The practice of law is not limited to the conduct of cases in courts. It embraces the preparation of pleadings and other papers incident to actions and special proceedings and the management of such actions and proceedings on behalf of clients before judges and courts, and in addition conveyancing, the preparation of legal instruments of all kinds, and in general all advice to clients and all action taken for them in matters connected with the law. An attorney-at-law is one who engages in any of these branches of the practice of law.
Dworken at 28, quoting People v. Alfani, 227 N.Y. 334 (1919), paragraph one of the syllabus. Additionally, the court has stated:
Any definition of the practice of law inevitably includes representation before a court, as well as the preparation of pleadings and other legal documents, the management of legal actions for clients, all advice related to law, and all actions taken on behalf of clients connected with the law. * * * In regard to corporations, a layperson generally may not represent the corporation or take any legal action on behalf of the corporation before a court or administrative agency.
(Emphasis added.) CompManagement at ¶ 22. See Chiofalo at ¶ 9 (finding that a practitioner of chiropractic medicine exceeded limits on the representation that a nonlawyer may provide in workers' compensation cases by "arguing statutory provisions and case law, construing the text to advance his patient's case, and interpreting the weight, significance, and credibility of evidence presented"); Union Sav. Assn. v. Home Owners Aid, 23 Ohio St.2d 60 (1970), syllabus ("A corporation cannot maintain litigation in propria persona, or appear in court through an officer of the corporation or an appointed agent not admitted to the practice of law.").

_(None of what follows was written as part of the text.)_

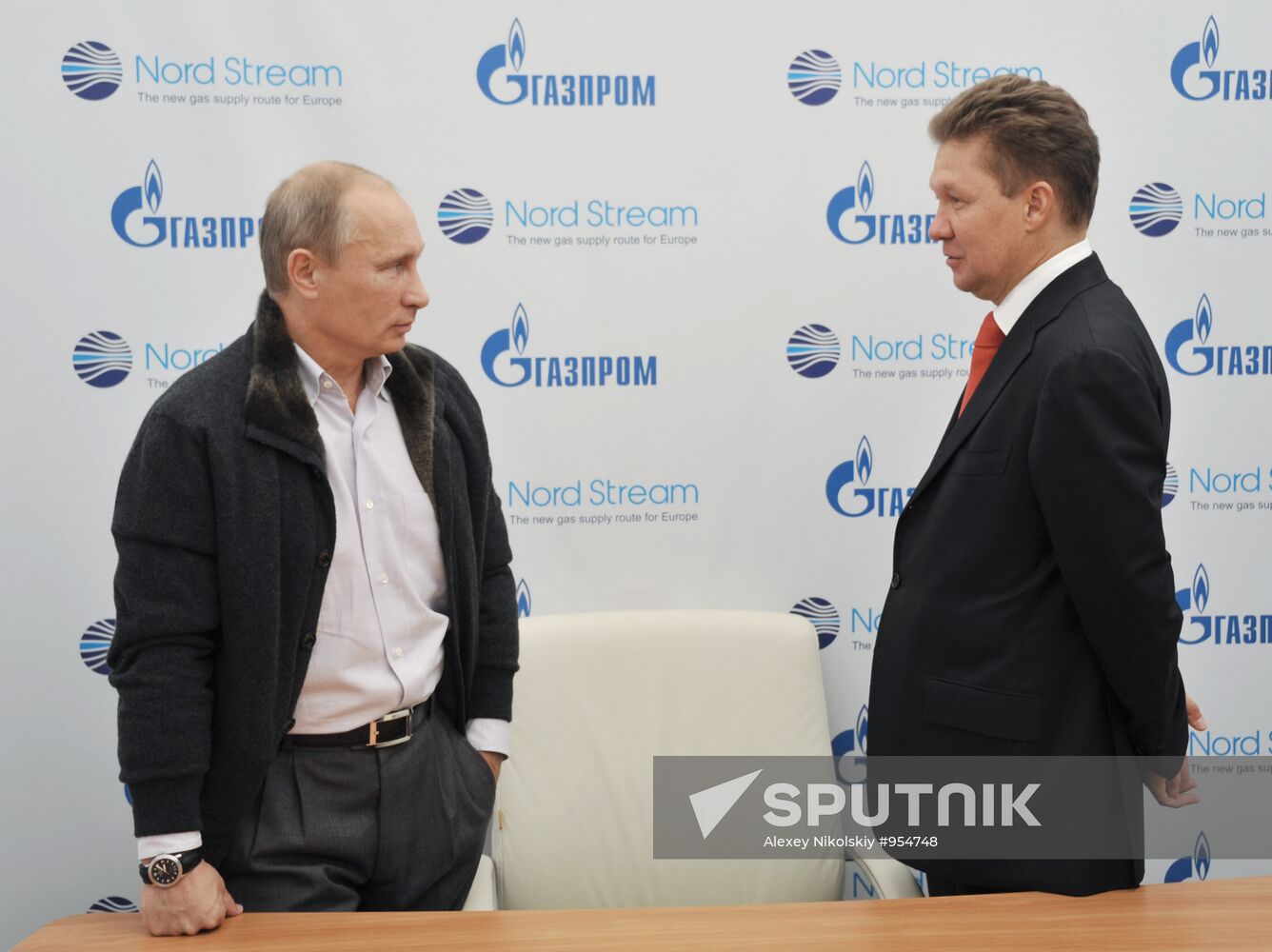 Vladimir Putin visits North Western Federal District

{¶ 74} Initially, the magistrate notes that there is some confusion regarding the nature of the material that was to be provided to relator for purposes of the project outlined in the job offer. Relator states in his brief that the "first phase of the project involved learning the material" and "would have required either verbatim copying or note taking from a single federal statute and no other sources during the course of four to six months." (Emphasis added.) (Relator's Brief at 18, 20.) Relator also states that "later phases explicitly relied on [relator's] 'ability' to 'direct the company in an area needing greater focus as outlined by the "All Hazards Preparedness and Response Act - HR307" signed by the President on March 13th[,] 2013.'" (Relator's Brief at 18, quoting Stip. at 61.)

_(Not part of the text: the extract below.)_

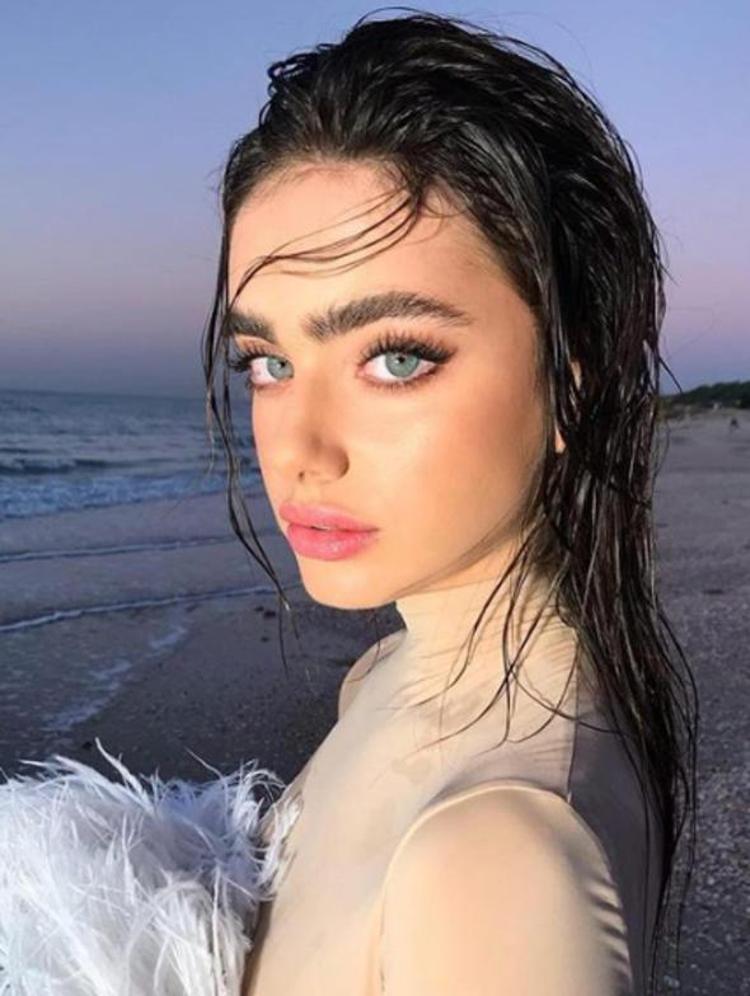 Messiyi bitiren güzel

{¶ 75} The record in this mandamus action does not contain the "provided material" that is mentioned in the job offer. (Stip. at 61.) Moreover, it is unclear based on the record as to whether the material that relator was to "[r]ead and study" in the first phase of the project actually consisted of the statutory text cited by relator. (Stip. at 61.) The job offer specifically provided that it was acceptable for relator to spend the "first 3 months copying directly from the manual." (Emphasis added.) (Stip. at 61.) Additionally, the job offer provided that relator "will be notified the following week based on your learning of the material if the content is observed as being incoherent or away from the provided manual" (Emphasis added.) (Stip. at 61.) This manual is not a part of the record.

{¶ 76} Moreover, the job offer does not specifically require that the statute referenced by relator would itself need to be copied. The statute is referred to in two places in the job offer. The job offer provides that "[t]his project is a [f]ederal obligation (HR 307) of the company." (Stip. at 61.) Additionally, as noted by relator, the job offer provides that "[w]e have the utmost confidence in you and in your ability to help direct the company in an area needing greater focus as outlined by the 'All Hazards Preparedness and Response Act - HR307' signed by the President on March 13th[,] 2013." (Stip. at 61.) Thus, relator's premise, i.e., that the job offer entailed the practice of law because it involved learning about and communicating statutory text, is not directly supported by the evidence in the record. Because of this lack of clarity alone, relator is unable to establish a clear legal right to the requested relief on the basis that the job offer entailed the unauthorized practice of law.

{¶ 77} Nevertheless, assuming arguendo that the material in the first phase of the job offer actually involved the statutory text mentioned by relator, relator still cannot demonstrate that the job offer entailed the unauthorized practice of law. Under the terms of the job offer, relator was instructed to learn the provided material, develop training program content for coworkers, and develop competency test questions for coworkers who would train using the finished product. (Stip. at 62.) This activity does not fall into the definitions of the practice of law in the cases cited by relator. Relator was not asked to provide legal advice in a representative capacity to a person or corporation. Nor did the job offer mandate involvement in litigation, the preparation of pleadings or legal documents, or representation before a court. Thus, the job offer did not reflect the conscious crafting of a position that the employer knew relator could not accept or would not be able to legally perform. See Ryan, 2021-Ohio-3539, at ¶ 19. The SHO found relator "would be capable of performing the work as outlined in the light-duty offer" as a "high school graduate with two years of college" education. (Stip. at 139.) Furthermore, the SHO found the job offer was consistent with the restriction of desk work only as provided in the applicable MEDCO-14. Some evidence supports the SHO's findings.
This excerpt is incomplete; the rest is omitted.